From a practical standpoint, it didn’t make any difference to the group in Haiti, he points out. "They had TB, so they had a problem," he says. For patients in other areas where TB is endemic and there’s lots of HIV infection, the same logic probably applies. "But from the standpoint of extrapolating to parts of the world like the United States, it does raise questions," he adds. "If it was new TB, the probability of acquiring a new bug in Haiti certainly would be much greater in Haiti than in the U.S."
Still, if what researchers in Haiti were seeing was reactivation of old disease, "then the premise is that it’s going to recur when you’re immunocompromised. I don’t know the answer, but if you had someone here with HIV and they begin to deteriorate, then maybe you need to go back on INH. Whether it’s your own bug that will reactivate or whether you’ll contract someone else’s, you may be able to control a new infection.

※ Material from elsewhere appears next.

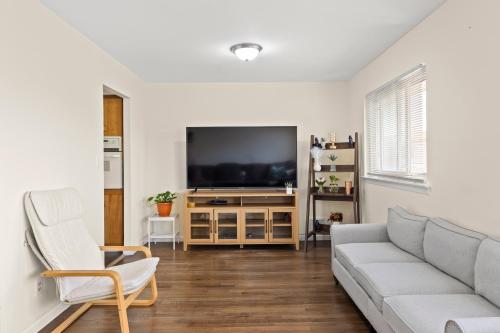 Μια τηλεόραση ή/και κέντρο ψυχαγωγίας στο Cozy 3BR, Near NYC, Cruise Port,Statue of Liberty, Free Driveway Parking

And you’ll get disease, whether it’s exogenous or endogenous."
Relapses occur in HIV patients here, too
Indeed, American patients with HIV who kept either relapsing or succumbing to new TB infections provided part of the impetus for the study, Johnson says. "We started seeing occasional patients here, and they were also seeing them in Haiti," he says. "These were patients who developed TB, who’d been treated and were doing well, but who developed TB again a couple of years later." There have been other studies where researchers looked for the same effect but didn’t find it, perhaps because they didn’t follow patients long enough, Johnson adds. "We looked for 24 months after treatment," he says. "We followed some patients even longer."
Well, yes and no, says Rick O’Brien, MD, chief of research and evaluation branch of the Division for TB Elimination at the Centers for Disease Control and Prevention in Atlanta. "In a Zairian study that was done five or six years ago, they saw the same thing," O’Brien says. That study, structured along the same lines as Johnson’s, randomly assigned HIV-positive patients who’d finished their TB treatment to continue therapy with rifampin, isonizaid, or placebo. Comparing the entire HIV-positive group with a group of HIV-negative patients, those researchers found "no significance in relapse rates, and so they concluded that standard therapy [without any post-treatment prophylaxis] was fine," explains O’Brien.
But an analysis of all the arms of that study turns up something else, he continues. Relapse rates among the HIV-positives on extended therapy turned out to 1%; among the HIV-positive on standard therapy, 9%; and among the HIV-negative group on standard therapy, 5%, he says.
That means there’s no statistically significant difference between the HIV-positive and HIV-negative groups, with thjeir respective relapse rates of 9% and 5%, he explains. But by adding extended therapy, relapse rates dropped from 9% to 1% — a big difference.